Norma budaya dan praktik disinfeksi berbasis gender
Pengaruh budaya dan kelembagaan memainkan peran penting dalam membentuk praktik dan respons terhadap disinfeksi. Norma budaya dalam tim atletik dan organisasi Yunani dapat mendorong berbagai ritual perpeloncoan. Di lingkungan yang didominasi laki-laki, calo sering kali menekankan ketahanan fisik dan agresi, sejalan dengan cita-cita tradisional maskulinitas. Praktik-praktik seperti itu menciptakan persahabatan yang menjadikan latihan sepak bola sebagai sebuah ritus peralihan yang diperlukan untuk ikatan tim. Sebaliknya, organisasi yang berpusat pada perempuan seperti perkumpulan mahasiswa sering kali mengandalkan manipulasi emosional yang berfokus pada penampilan dan status sosial, sehingga melanggengkan intimidasi psikologis melalui taktik seperti kurang tidur dan penghinaan di depan umum. Respons institusional juga cenderung bervariasi tergantung pada sifat insiden disinfeksi dan jenis kelamin korban. Kekerasan fisik dan pelecehan terhadap laki-laki yang berpusat pada alkohol sering kali memicu respons institusional yang lebih kuat, mengingat risiko hukum dan perhatian media, sementara insiden terhadap perempuan yang melibatkan pelecehan psikologis terkadang diremehkan atau dianggap tidak terlalu serius. Kesenjangan dalam respons ini menyoroti bias sosial, di mana korban perempuan sering kali kurang menerima dukungan dan kesulitan melaporkan kejadian karena takut akan pemecatan atau dampak sosial.
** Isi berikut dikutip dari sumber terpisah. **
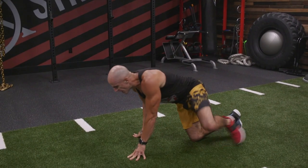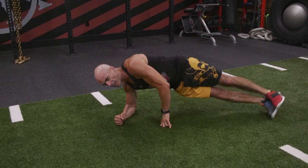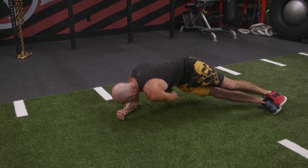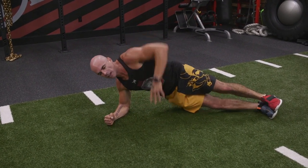Side plank low with a twist. We're in a side plank position — elbow lined up directly under your shoulder, your forearm is perpendicular to your body, feet are stacked, arm straight in the air. And you're going to reach underneath your body as far as you can.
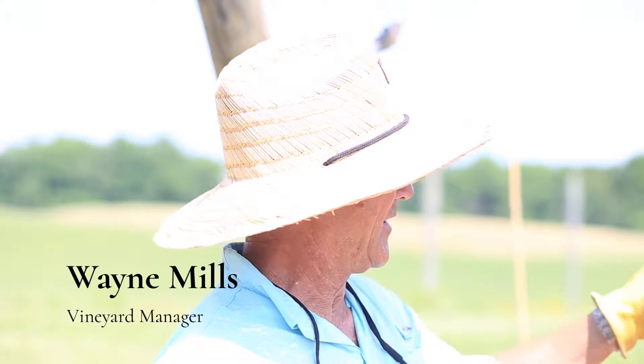Hi, I'm Wayne Mills. I'm the vineyard manager here at Rock Mills Vineyard and the winery at Bull Run. Today we're working in the little expansion we did at the Bull Run Vineyards — the vineyard you can see from the patio and from the lawn at the winery.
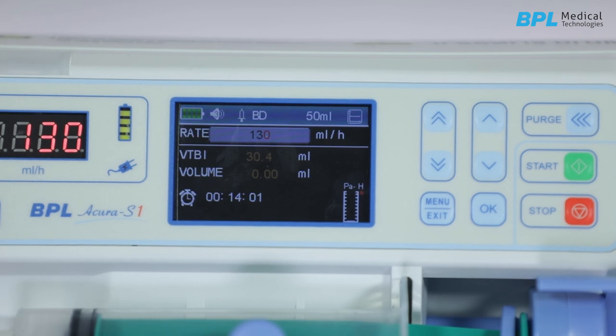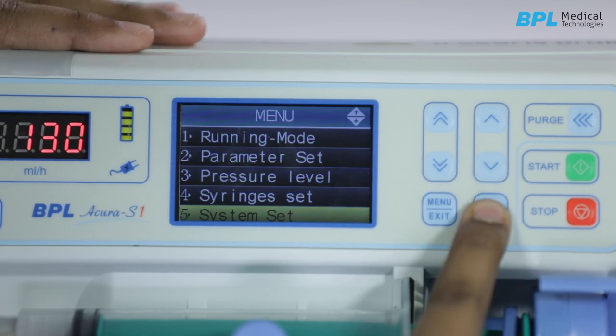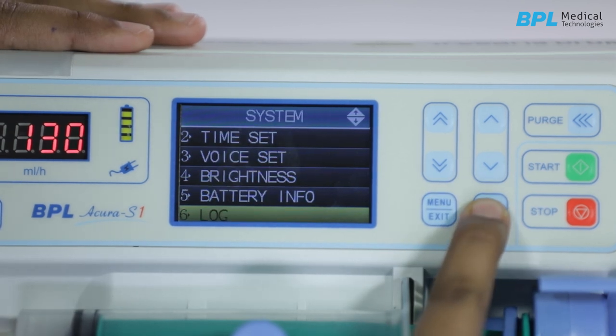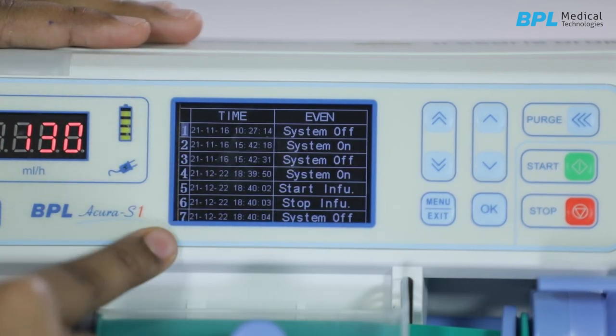The pump saves up to 2000 events. To check these log details, enter the menu interface and select system set. Press OK to enter the log. You can use these keys to view the history of events.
Peran media sosial dalam mendisinfeksi visibilitas
Munculnya media sosial semakin memperumit visibilitas perpeloncoan. Insiden yang berfokus pada laki-laki, seringkali lebih dramatis atau penuh kekerasan, menarik lebih banyak perhatian media dan memperkuat stereotip tentang maskulinitas dan budaya perpeloncoan. Sebaliknya, sifat penguntitan perempuan yang bersifat lebih pribadi dan manipulatif secara emosional menjadi kurang terlihat, menyebabkan kesalahpahaman tentang keseriusannya dan melanggengkan budaya diam seputar pengalaman ini. Oleh karena itu, media sosial dapat menjadi alat advokasi dan platform untuk meremehkan penyimpangan, sehingga menghambat upaya untuk mengatasinya.
Dampak advokasi dan reformasi hukum
Perubahan dalam sikap kesehatan mental dan inisiatif anti-pelecehan mulai membentuk kembali budaya penindasan dengan mengakui dampak psikologis terhadap korban laki-laki dan perempuan. Kampanye kesadaran dan program pendidikan yang berfokus pada hubungan dan persetujuan yang sehat menjadi lebih lazim di kampus-kampus, dengan tujuan mencegah insiden dengan memupuk rasa hormat dan komunikasi di antara teman sebaya. Perubahan-perubahan ini dapat menciptakan lingkungan yang lebih aman bagi semua siswa, sekaligus menumbuhkan pemahaman yang lebih luas mengenai konsekuensi psikologis, terutama bagi perempuan korban yang selama ini terabaikan.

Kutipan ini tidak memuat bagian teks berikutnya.